*** INPUT RECORDS Section Begins ***

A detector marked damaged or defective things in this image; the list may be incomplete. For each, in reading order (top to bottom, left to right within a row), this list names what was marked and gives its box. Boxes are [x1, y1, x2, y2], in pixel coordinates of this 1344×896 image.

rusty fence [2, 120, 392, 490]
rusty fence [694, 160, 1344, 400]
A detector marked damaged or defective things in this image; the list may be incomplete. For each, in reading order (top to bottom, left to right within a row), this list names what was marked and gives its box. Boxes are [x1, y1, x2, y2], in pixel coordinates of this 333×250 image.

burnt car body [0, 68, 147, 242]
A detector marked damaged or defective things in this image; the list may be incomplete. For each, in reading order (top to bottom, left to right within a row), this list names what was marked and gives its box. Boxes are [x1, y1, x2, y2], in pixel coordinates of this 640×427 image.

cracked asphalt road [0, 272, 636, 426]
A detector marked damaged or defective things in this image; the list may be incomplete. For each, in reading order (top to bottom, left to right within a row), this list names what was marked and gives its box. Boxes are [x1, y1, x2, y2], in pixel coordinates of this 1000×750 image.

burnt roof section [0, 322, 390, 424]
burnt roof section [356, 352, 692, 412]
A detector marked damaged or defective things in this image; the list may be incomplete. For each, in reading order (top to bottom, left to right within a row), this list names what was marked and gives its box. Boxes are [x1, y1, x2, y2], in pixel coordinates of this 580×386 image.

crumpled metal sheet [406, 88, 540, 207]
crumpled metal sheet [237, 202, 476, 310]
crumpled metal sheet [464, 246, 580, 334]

*** INPUT RECORDS Section Ends ***
*** INPUT RECORDS Section Begins ***

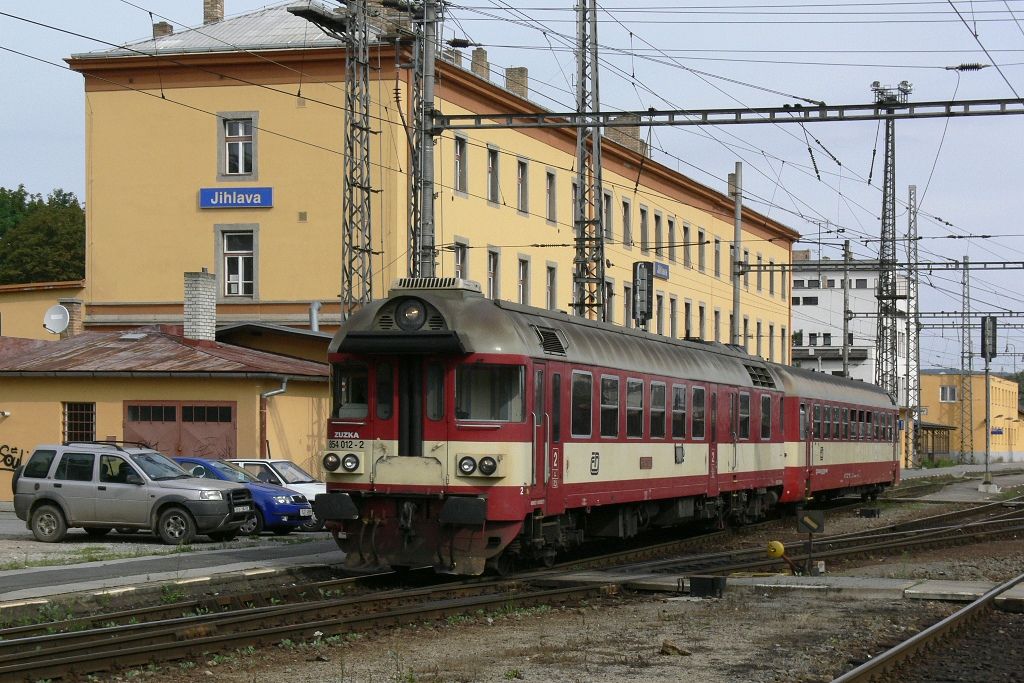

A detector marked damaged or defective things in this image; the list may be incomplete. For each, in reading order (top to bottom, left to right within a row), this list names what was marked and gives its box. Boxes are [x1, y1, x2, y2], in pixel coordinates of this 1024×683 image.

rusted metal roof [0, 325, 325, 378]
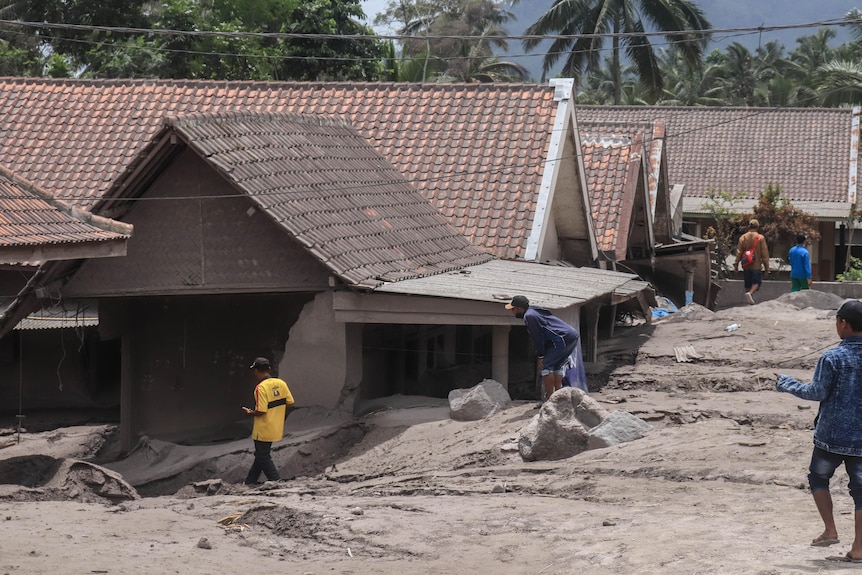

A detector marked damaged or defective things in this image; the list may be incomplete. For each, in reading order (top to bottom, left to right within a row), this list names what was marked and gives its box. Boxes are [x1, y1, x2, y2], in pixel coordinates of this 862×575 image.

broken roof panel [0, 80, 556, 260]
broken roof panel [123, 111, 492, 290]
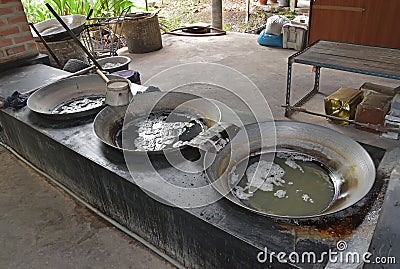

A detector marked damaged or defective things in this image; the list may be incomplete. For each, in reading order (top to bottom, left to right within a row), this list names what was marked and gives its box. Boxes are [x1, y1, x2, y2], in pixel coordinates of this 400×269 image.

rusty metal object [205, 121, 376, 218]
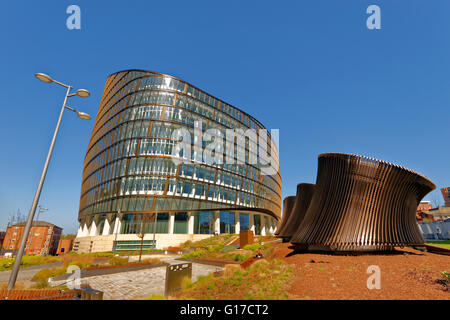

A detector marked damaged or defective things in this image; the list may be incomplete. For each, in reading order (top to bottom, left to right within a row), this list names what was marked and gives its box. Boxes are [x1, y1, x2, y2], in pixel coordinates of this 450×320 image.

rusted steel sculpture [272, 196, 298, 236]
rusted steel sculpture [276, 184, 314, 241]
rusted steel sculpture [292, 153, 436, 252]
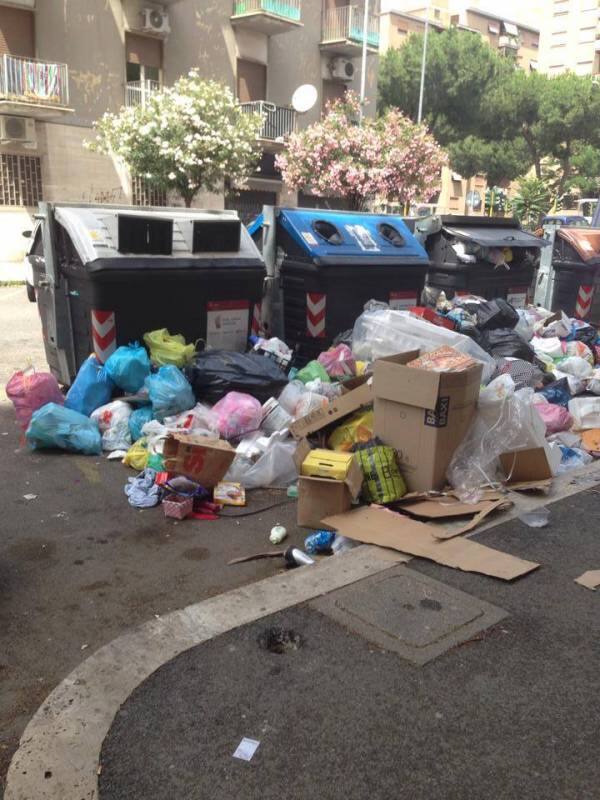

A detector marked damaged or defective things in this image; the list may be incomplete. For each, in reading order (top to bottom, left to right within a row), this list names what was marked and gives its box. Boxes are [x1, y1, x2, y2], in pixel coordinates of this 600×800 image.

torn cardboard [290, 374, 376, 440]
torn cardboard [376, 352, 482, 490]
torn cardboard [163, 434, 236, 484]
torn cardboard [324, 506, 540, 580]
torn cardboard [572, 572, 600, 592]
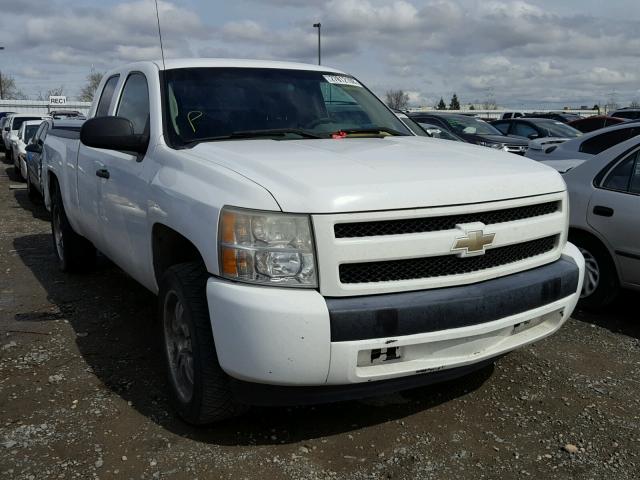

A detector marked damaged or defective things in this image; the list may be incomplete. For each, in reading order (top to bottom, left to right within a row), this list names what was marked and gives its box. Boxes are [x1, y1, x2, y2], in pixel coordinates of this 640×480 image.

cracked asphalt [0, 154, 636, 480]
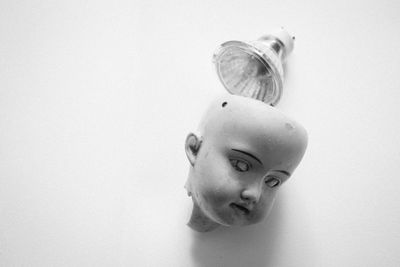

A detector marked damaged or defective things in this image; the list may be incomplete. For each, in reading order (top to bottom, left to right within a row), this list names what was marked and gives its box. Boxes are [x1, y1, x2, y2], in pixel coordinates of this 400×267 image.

*** INPUT RECORDS Section Ends ***

» TASK DESCRIPTION: For this exercise, please set down exactly the lines of the listing above from the line with "this 600×800 image." up to and including the line with "this 400×267 image.", and no pictures.

» RESULT FOR THIS TASK:
A detector marked damaged or defective things in this image; the list may be incomplete. For each, in reading order (top to bottom, left to right within a row), this list names what was marked and gives its box. Boxes are [x1, y1, x2, y2], in pixel coordinates of this 600×800 image.

torn cardboard [290, 374, 376, 440]
torn cardboard [376, 352, 482, 490]
torn cardboard [163, 434, 236, 484]
torn cardboard [324, 506, 540, 580]
torn cardboard [572, 572, 600, 592]

A detector marked damaged or defective things in this image; the list may be incomplete. For each, in reading order (top to bottom, left to right within a row), this list names what was marked and gives its box. Boxes are [x1, y1, x2, y2], in pixel coordinates of this 640×480 image.

cracked asphalt [0, 154, 636, 480]

A detector marked damaged or defective things in this image; the list may be incomplete. For each, in reading order (top to bottom, left to right within a row), this list names what was marked and gives its box. Boxes are [x1, y1, x2, y2], in pixel coordinates of this 400×267 image.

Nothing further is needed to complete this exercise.